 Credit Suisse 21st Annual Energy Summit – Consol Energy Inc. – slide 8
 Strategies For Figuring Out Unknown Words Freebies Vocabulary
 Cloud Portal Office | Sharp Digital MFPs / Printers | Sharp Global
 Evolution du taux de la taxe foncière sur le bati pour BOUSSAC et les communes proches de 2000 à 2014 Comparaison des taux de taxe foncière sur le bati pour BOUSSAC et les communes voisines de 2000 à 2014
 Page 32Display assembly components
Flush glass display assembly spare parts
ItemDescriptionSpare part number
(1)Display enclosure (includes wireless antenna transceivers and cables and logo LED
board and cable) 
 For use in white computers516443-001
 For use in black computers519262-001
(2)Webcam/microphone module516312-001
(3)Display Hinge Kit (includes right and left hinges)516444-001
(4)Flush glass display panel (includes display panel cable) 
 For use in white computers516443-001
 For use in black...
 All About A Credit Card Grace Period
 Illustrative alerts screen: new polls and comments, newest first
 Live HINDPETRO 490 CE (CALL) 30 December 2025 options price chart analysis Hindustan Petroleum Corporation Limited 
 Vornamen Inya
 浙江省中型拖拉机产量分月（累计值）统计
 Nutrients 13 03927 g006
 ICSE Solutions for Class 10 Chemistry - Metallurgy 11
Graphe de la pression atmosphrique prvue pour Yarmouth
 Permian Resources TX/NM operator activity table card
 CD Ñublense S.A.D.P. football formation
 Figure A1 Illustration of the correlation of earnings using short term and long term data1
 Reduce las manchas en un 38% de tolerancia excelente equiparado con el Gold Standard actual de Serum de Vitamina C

▶ [INSTRUCTIONS TO FOLLOW]: Write the listing out again, exactly as it reads.

▶ [WORKED SOLUTION]:
 Credit Suisse 21st Annual Energy Summit – Consol Energy Inc. – slide 8
 Strategies For Figuring Out Unknown Words Freebies Vocabulary
 Cloud Portal Office | Sharp Digital MFPs / Printers | Sharp Global
 Evolution du taux de la taxe foncière sur le bati pour BOUSSAC et les communes proches de 2000 à 2014 Comparaison des taux de taxe foncière sur le bati pour BOUSSAC et les communes voisines de 2000 à 2014
 Page 32Display assembly components
Flush glass display assembly spare parts
ItemDescriptionSpare part number
(1)Display enclosure (includes wireless antenna transceivers and cables and logo LED
board and cable) 
 For use in white computers516443-001
 For use in black computers519262-001
(2)Webcam/microphone module516312-001
(3)Display Hinge Kit (includes right and left hinges)516444-001
(4)Flush glass display panel (includes display panel cable) 
 For use in white computers516443-001
 For use in black...
 All About A Credit Card Grace Period
 Illustrative alerts screen: new polls and comments, newest first
 Live HINDPETRO 490 CE (CALL) 30 December 2025 options price chart analysis Hindustan Petroleum Corporation Limited 
 Vornamen Inya
 浙江省中型拖拉机产量分月（累计值）统计
 Nutrients 13 03927 g006
 ICSE Solutions for Class 10 Chemistry - Metallurgy 11
Graphe de la pression atmosphrique prvue pour Yarmouth
 Permian Resources TX/NM operator activity table card
 CD Ñublense S.A.D.P. football formation
 Figure A1 Illustration of the correlation of earnings using short term and long term data1
 Reduce las manchas en un 38% de tolerancia excelente equiparado con el Gold Standard actual de Serum de Vitamina C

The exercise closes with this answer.